Google Cloud - working example

346 views
Skip to first unread message

Lisle Mose

unread,
Mar 4, 2019, 3:30:41 PM3/4/19
to Nextflow
Hi,

I'm running into the error below when trying to use the  Google Pipelines API:

Any idea what I am doing wrong? (gsutil can ls the work dir and input file)

Is there a concrete working example of Nextflow running against GCP?

Command and error:

nextflow run test.nf -work-dir gs://test_project_data/nextflow-test/work --fq gs://test_project_data/nextflow-test/test_1.fastq
N E X T F L O W  ~  version 19.01.0
Launching `test.nf` [sad_lumiere] - revision: cbe409dcbb
ERROR ~ gs:// URIs must have a host: gs://test_project_data/nextflow-test/work

 -- Check '.nextflow.log' file for details

nextflow.config:
process {
    executor = 'google-pipelines'
    container = 'm0zack/rna_seq_test'
}

cloud {
    instanceType = 'n1-standard-2'
}

google {
    project = 'my-proj-name'
    zone = 'us-east1-b'
}

#!/usr/bin/env nextflow

params.fq = '/datastore/nextgenout4/seqware-analysis/lmose/nextflow/rna_seq_test/data/test/test_1.fastq'

process word_count {
    cpus 1
    memory '2 GB'
    
    output:
    file 'wc.txt' into word_count

    """
      wc -l ${params.fq} > wc.txt
      cat wc.txt
    """
}

Ethan Cerami

unread,
Mar 6, 2019, 9:43:16 PM3/6/19
to Nextflow
Lisle,

I have not yet successfully gotten NextFlow to work on Google Pipelines API, but I also encountered the same error, and I just found out a fix.

It seems that if you rename your bucket to not include _ or - then it works.  For example, instead of test_project_data, try creating a bucket called testproject321.

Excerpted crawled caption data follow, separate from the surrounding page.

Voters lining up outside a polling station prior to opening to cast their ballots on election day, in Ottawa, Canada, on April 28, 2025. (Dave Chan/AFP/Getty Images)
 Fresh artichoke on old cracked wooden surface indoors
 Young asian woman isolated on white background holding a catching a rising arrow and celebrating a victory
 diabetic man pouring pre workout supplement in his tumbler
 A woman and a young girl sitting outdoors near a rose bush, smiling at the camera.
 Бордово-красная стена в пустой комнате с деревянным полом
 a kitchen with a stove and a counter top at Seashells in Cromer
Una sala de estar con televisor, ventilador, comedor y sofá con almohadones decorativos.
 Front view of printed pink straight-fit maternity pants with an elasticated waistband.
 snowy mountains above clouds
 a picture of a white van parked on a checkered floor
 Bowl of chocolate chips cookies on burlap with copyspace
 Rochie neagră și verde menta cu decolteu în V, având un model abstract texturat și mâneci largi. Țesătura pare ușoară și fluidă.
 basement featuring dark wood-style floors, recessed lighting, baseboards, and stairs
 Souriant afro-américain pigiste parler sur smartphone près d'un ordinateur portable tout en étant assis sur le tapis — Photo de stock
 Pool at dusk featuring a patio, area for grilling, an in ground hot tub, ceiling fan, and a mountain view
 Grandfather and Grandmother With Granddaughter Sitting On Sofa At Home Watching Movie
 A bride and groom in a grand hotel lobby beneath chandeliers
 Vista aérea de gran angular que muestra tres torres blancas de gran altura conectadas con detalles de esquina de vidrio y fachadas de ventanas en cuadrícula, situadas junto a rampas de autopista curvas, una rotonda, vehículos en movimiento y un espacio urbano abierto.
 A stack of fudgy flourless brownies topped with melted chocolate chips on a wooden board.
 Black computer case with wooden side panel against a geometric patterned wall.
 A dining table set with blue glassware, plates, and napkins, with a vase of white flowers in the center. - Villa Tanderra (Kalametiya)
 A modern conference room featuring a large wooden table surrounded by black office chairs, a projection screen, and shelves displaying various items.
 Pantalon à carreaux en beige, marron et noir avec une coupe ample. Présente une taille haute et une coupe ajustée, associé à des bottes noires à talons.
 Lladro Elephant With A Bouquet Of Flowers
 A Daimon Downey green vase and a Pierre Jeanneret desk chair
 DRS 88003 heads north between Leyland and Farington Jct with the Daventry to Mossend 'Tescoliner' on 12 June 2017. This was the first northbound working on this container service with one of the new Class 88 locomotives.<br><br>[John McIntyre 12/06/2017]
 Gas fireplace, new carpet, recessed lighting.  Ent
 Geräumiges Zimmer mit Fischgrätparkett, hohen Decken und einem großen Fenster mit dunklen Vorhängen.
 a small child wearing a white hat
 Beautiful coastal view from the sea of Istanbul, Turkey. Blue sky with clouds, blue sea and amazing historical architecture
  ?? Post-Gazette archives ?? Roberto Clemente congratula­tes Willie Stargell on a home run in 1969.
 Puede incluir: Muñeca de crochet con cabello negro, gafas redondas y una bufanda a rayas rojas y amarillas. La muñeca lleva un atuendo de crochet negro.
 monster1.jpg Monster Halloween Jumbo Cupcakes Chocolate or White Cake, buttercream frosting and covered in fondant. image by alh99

Not sure why that works, but give it a try?

Ethan

Lisle Mose

unread,
Mar 7, 2019, 9:52:33 AM3/7/19
to next...@googlegroups.com
Thanks for the pointer.  That still did not work for me:

nextflow run test.nf -work-dir gs://lcccnextflowtest2/work --fq gs://lcccnextflowtest2/test1.fastq
N E X T F L O W  ~  version 19.01.0
Launching `test.nf` [modest_agnesi] - revision: cbe409dcbb
ERROR ~ Cannot a find a file system provider for scheme: gs

 -- Check '.nextflow.log' file for details
--
You received this message because you are subscribed to the Google Groups "Nextflow" group.
To unsubscribe from this group and stop receiving emails from it, send an email to nextflow+u...@googlegroups.com.
Visit this group at https://groups.google.com/group/nextflow.
For more options, visit https://groups.google.com/d/optout.

Paolo Di Tommaso

unread,
Mar 7, 2019, 9:55:18 AM3/7/19
to nextflow
It looks you didn't specified the google application credentials properly. 

Please include the .nextflow.log file for more info. 

p

Ethan Cerami

unread,
Mar 7, 2019, 10:06:01 AM3/7/19
to Nextflow
Perhaps, now try running:

export NXF_MODE=google

then, try running again?

Ethan

Lisle Mose

unread,
Mar 7, 2019, 10:53:10 AM3/7/19
to next...@googlegroups.com
Ah, yes - I opened a new terminal and neglected to set GOOGLE_APPLICATION_CREDENTIALS.  After setting this and removing underscores from the bucket name, my simple test has worked and I do see the expected output in the work dir.

It looks like the original issue is with underscores in the bucket name (dashes appear to be OK).  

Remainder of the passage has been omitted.